The three hazards are easier to remember if you add "We should" before each acronym: For example: RAW should read as "We should RAW(Read After Write). If not, there will be a hazard."
[edit] RAW - Read After Write
A RAW Data Hazard refers to a situation where we refer to a result that has not yet been calculated, for example:
i1. R2 <- R1 + R3
i2. R4 <- R2 + R3
The 1st instruction is calculating a value to be saved in register 2, and the second is going to use this value to compute a result for register 4. However, in a pipeline, when we fetch the operands for the 2nd operation, the results from the 1st will not yet have been saved, and hence we have a data dependency.
We say that there is a data dependency with instruction 2, as it is dependent on the completion of instruction 1
[edit] WAR - Write After Read
A WAR Data Hazard represents a problem with concurrent execution, for example:
i1. r1 <- r2 + r3
i2. r3 <- r4 x r5
If we are in a situation that there is a chance that i2 may be completed before i1 (i.e. with concurrent execution) we must ensure that we do not store the result of register 3 before i1 has had a chance to fetch the operands.
[edit] WAW - Write After Write
A WAW Data Hazard is another situation which may occur in a Concurrent execution environment, for example:
i1. r2 <- r1 + r3
i2. r2 <- r4 x r7
We must delay the WB (Write Back) of i2 until the execution of i1
[edit] Structural hazards
A structural hazard occurs when a part of the processor's hardware is needed by two or more instructions at the same time.
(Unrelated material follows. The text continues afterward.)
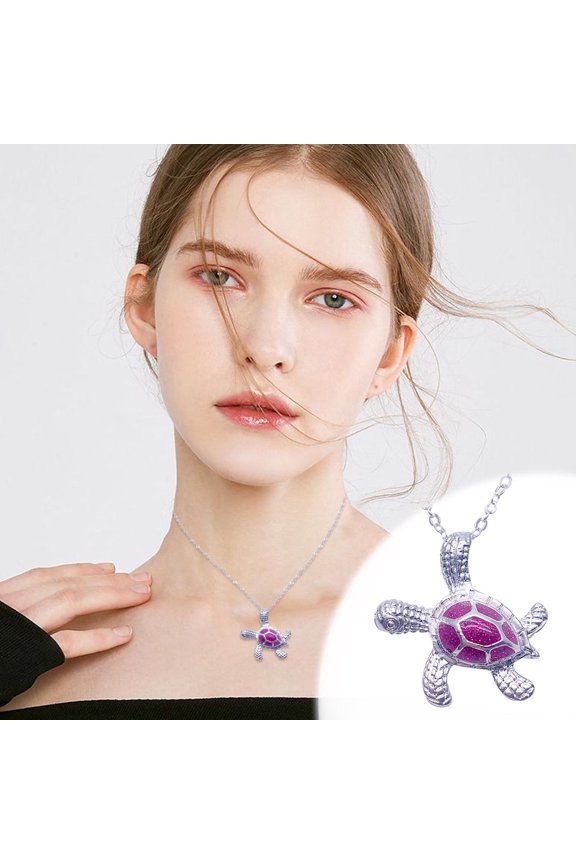 Sea Turtle Ocean Blue Fire Opal Inlay Jewelry Necklace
A structural hazard might occur, for instance, if a program were to execute a branch instruction followed by a computation instruction. Because they are executed in parallel, and because branching is typically slow (requiring a comparison, program counter-related computation, and writing to registers), it is quite possible (depending on architecture) that the computation instruction and the branch instruction will both require the ALU (arithmetic logic unit) at the same time.
[edit] Branch (control) hazards
Branching hazards (also known as control hazards) occur when the processor is told to branch - i.e., if a certain condition is true, then jump from one part of the instruction stream to another - not necessarily to the next instruction sequentially. In such a case, the processor cannot tell in advance whether it should process the next instruction (when it may instead have to move to a distant instruction).
This can result in the processor doing unwanted actions.
[edit] Eliminating hazards
We can delegate the task of removing data dependencies to the compiler, which can fill in an appropriate number of NOP instructions between dependent instructions to ensure correct operation, or re-order instructions where possible.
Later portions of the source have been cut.